Copy out the data exactly, leaving the pictures behind.

SOURCE MATERIAL:
◆ ◆ ◆ ◆

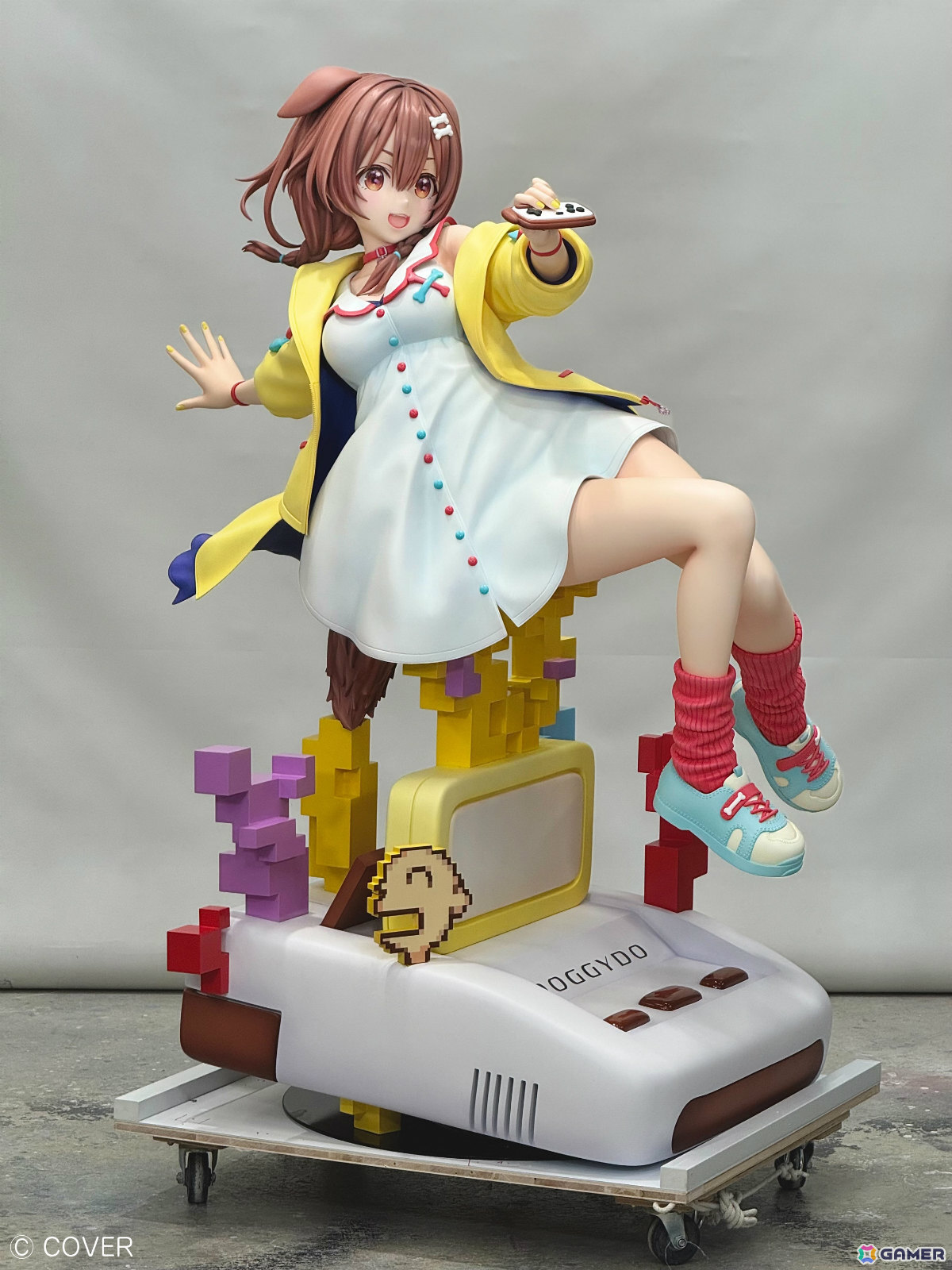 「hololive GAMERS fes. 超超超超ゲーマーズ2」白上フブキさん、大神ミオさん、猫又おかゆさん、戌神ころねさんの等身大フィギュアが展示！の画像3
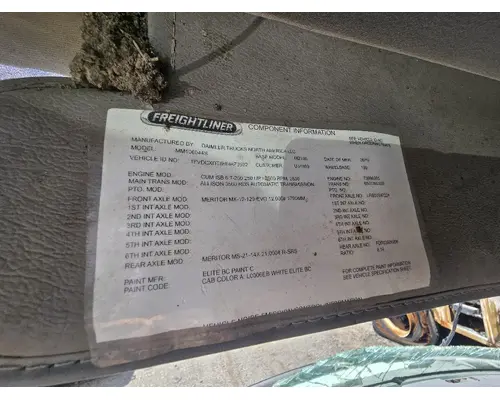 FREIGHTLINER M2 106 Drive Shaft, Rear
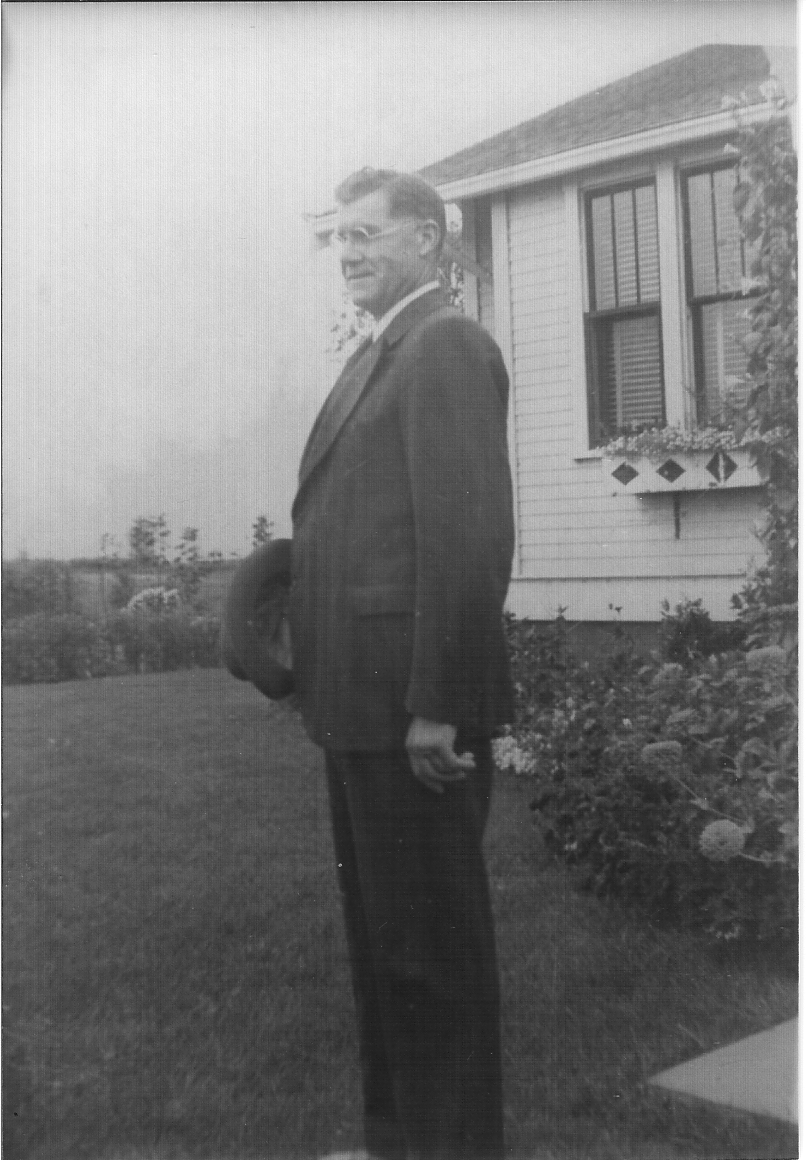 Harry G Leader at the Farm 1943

◆ ◆ ◆ ◆

SOLUTION FOR THIS EXERCISE:
 「hololive GAMERS fes. 超超超超ゲーマーズ2」白上フブキさん、大神ミオさん、猫又おかゆさん、戌神ころねさんの等身大フィギュアが展示！の画像3
 FREIGHTLINER M2 106 Drive Shaft, Rear
 Harry G Leader at the Farm 1943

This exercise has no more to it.